Cholera toxin, a typical protein kinase A activator, induces G1 phase growth arrest in human bladder transitional cell carcinoma cells via inhibiting the c‑Raf/MEK/ERK signaling pathway
- Authors:
- Published online on: March 14, 2014 https://doi.org/10.3892/mmr.2014.2054
- Pages: 1773-1779
Metrics: Total
Views: 0 (Spandidos Publications: | PMC Statistics: )

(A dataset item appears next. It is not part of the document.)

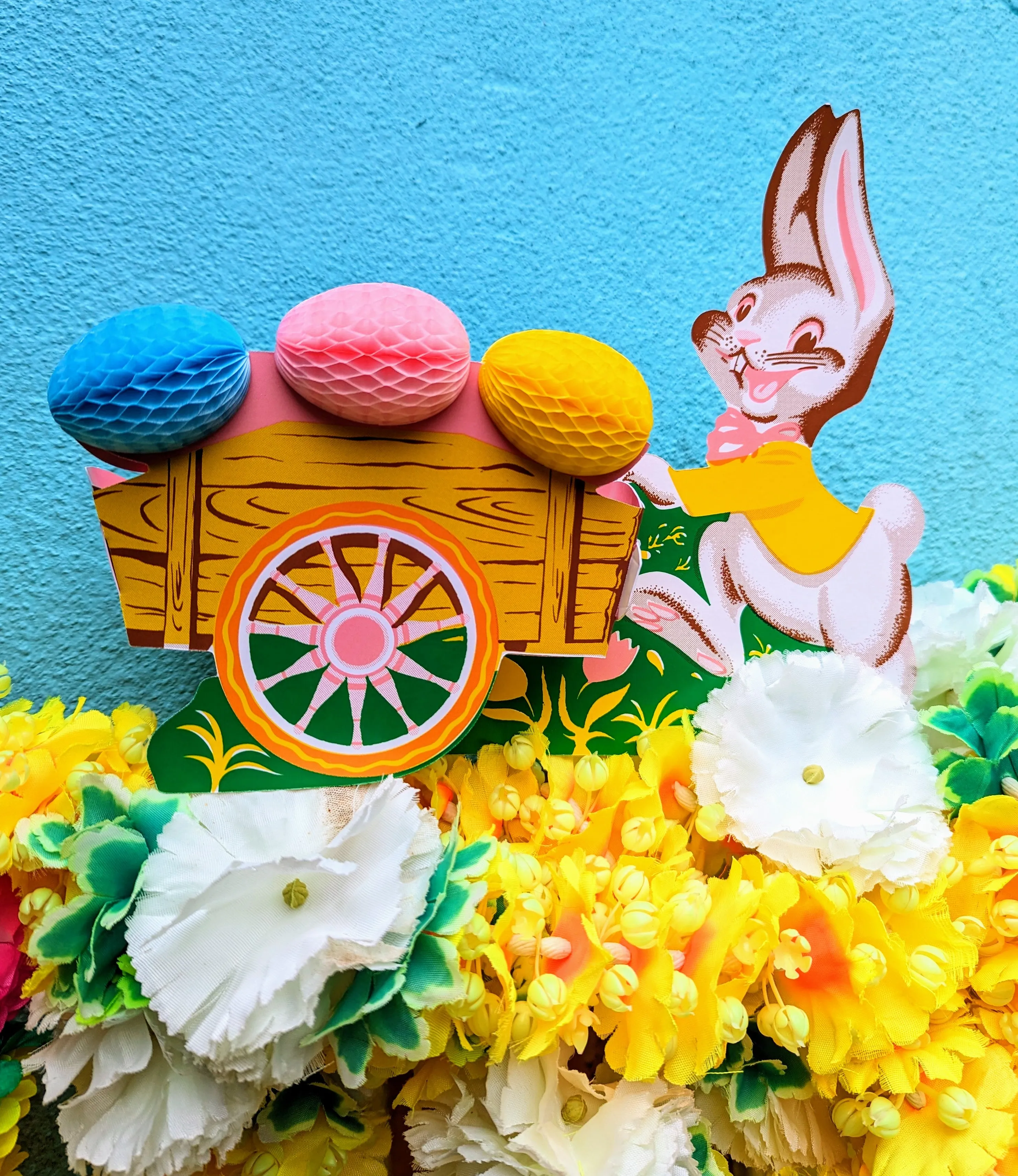 Paper honeycomb bunny and cart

Total PDF Downloads: 0 (Spandidos Publications: | PMC Statistics: )
Abstract
The biotoxin cholera toxin has been demonstrated to have anti‑tumor activity in numerous types of cancer, including glioma. However, the role of cholera toxin in the tumorigenesis of transitional cell carcinoma (TCC), the most common malignant tumor of the bladder, remains to be elucidated. To address this, in the present study, two TCC cell lines, T24 and UM‑UC‑3, were treated with cholera toxin [protein kinase A (PKA) activator] and KT5720 (PKA inhibitor). Cell survival and proliferation, cell cycle alterations and apoptosis were analyzed using Hoechst staining, the MTT assay, fluorescence microscopy and flow cytometry. Western blot analysis was used to detect the expression of proteins involved in cell cycle regulation. The results revealed that cholera toxin significantly induced G1 arrest and downregulated the expression of cyclin D1 and cyclin‑dependent kinase 4/6 in the TCC cell lines, and this was rescued by KT5720. Furthermore, it was demonstrated that cholera toxin downregulated the activation of the c‑Raf/Mek/Erk cascade, an important mediator of tumor cell proliferation, via the PKA‑dependent c‑Raf phosphorylation at Ser‑43. Furthermore, inhibition of Mek activity with UO126 mimicked the effects of cholera toxin. In conclusion, these results confirmed that cholera toxin specifically inhibited proliferation and induced G1 phase arrest in human bladder TCC cells. This effect was due to PKA‑dependent inactivation of the c‑Raf/Mek/Erk pathway. This suggested that cholera toxin may be a viable therapeutic treatment against tumorigenesis and proliferation in bladder cancer.